| Supplied information |

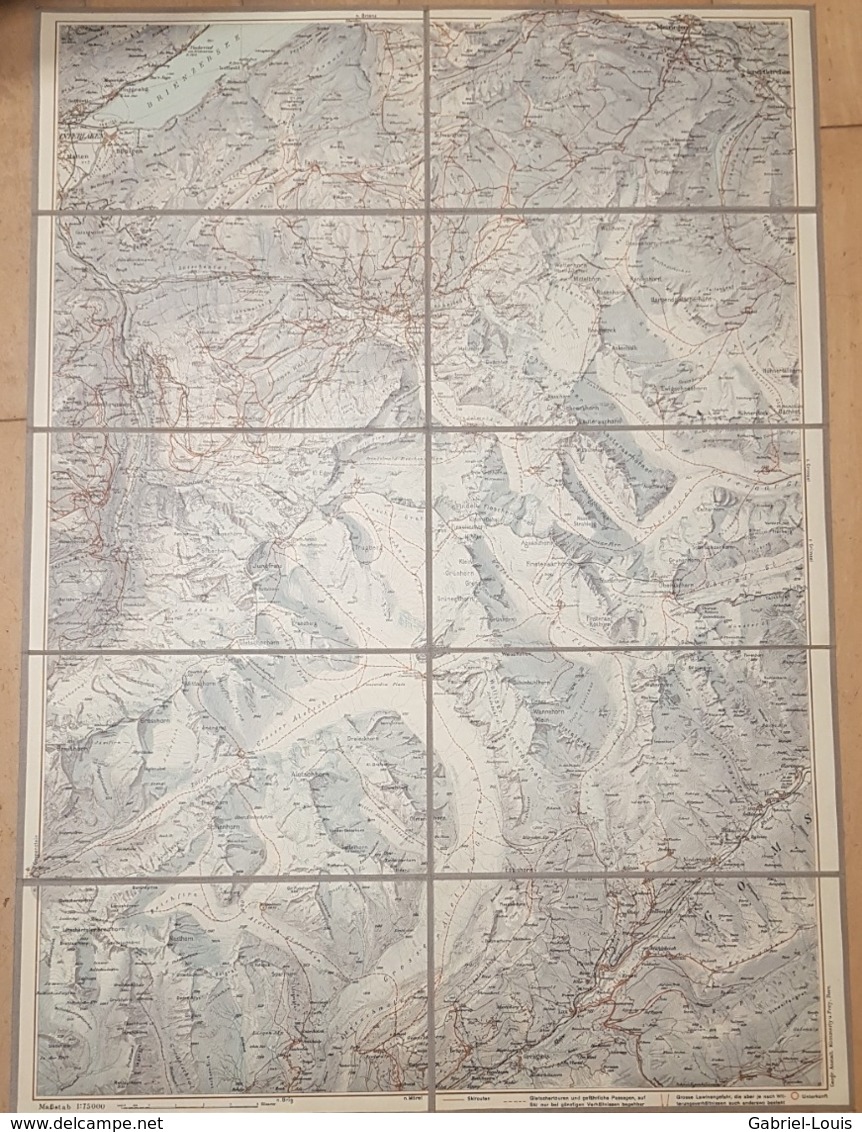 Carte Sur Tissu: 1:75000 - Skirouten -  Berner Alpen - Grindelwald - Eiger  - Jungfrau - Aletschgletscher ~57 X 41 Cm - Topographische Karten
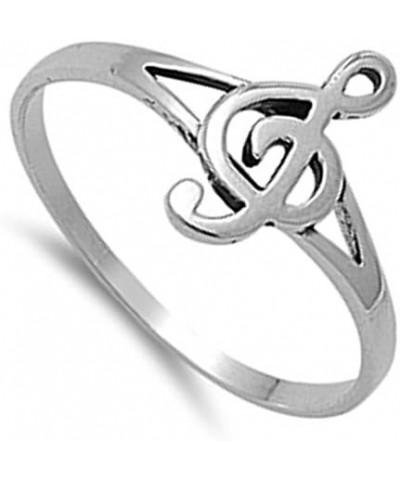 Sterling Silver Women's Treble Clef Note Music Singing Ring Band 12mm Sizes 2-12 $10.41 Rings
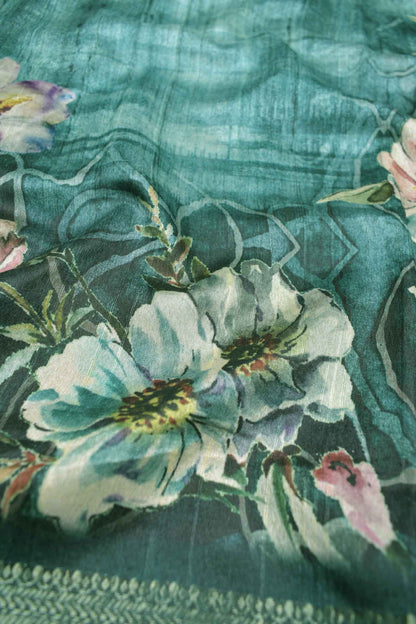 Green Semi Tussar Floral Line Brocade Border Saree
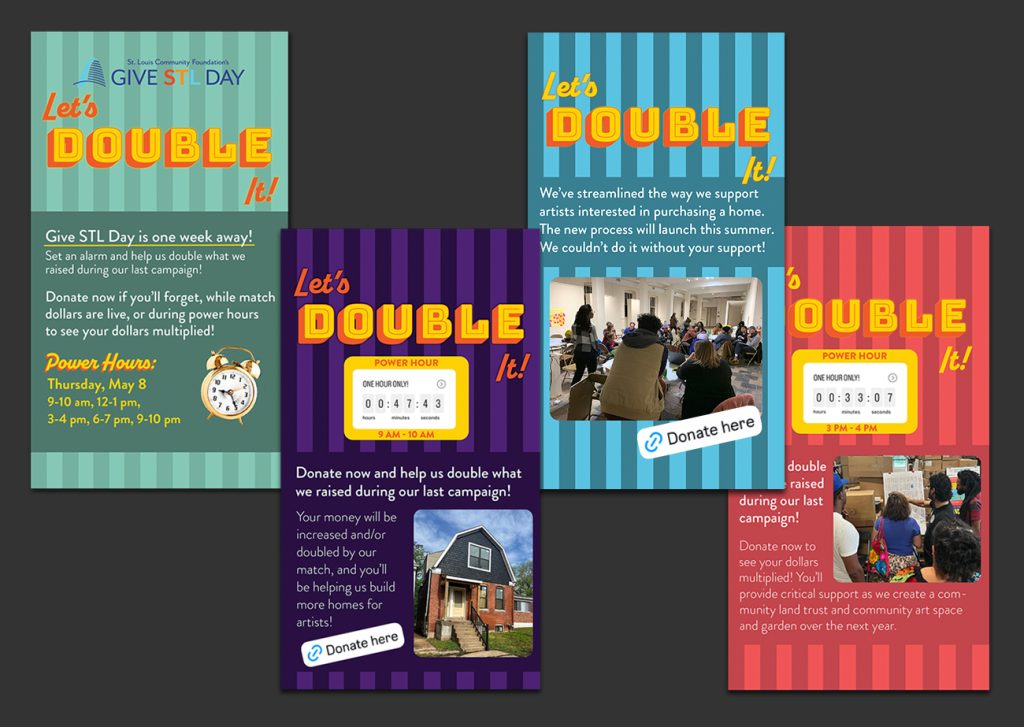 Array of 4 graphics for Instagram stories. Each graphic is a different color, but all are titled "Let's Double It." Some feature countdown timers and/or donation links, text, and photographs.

| What is required |
Please transcribe each line above exactly, but leave the images out.

| Written response |
 Carte Sur Tissu: 1:75000 - Skirouten -  Berner Alpen - Grindelwald - Eiger  - Jungfrau - Aletschgletscher ~57 X 41 Cm - Topographische Karten
 Sterling Silver Women's Treble Clef Note Music Singing Ring Band 12mm Sizes 2-12 $10.41 Rings
 Green Semi Tussar Floral Line Brocade Border Saree
 Array of 4 graphics for Instagram stories. Each graphic is a different color, but all are titled "Let's Double It." Some feature countdown timers and/or donation links, text, and photographs.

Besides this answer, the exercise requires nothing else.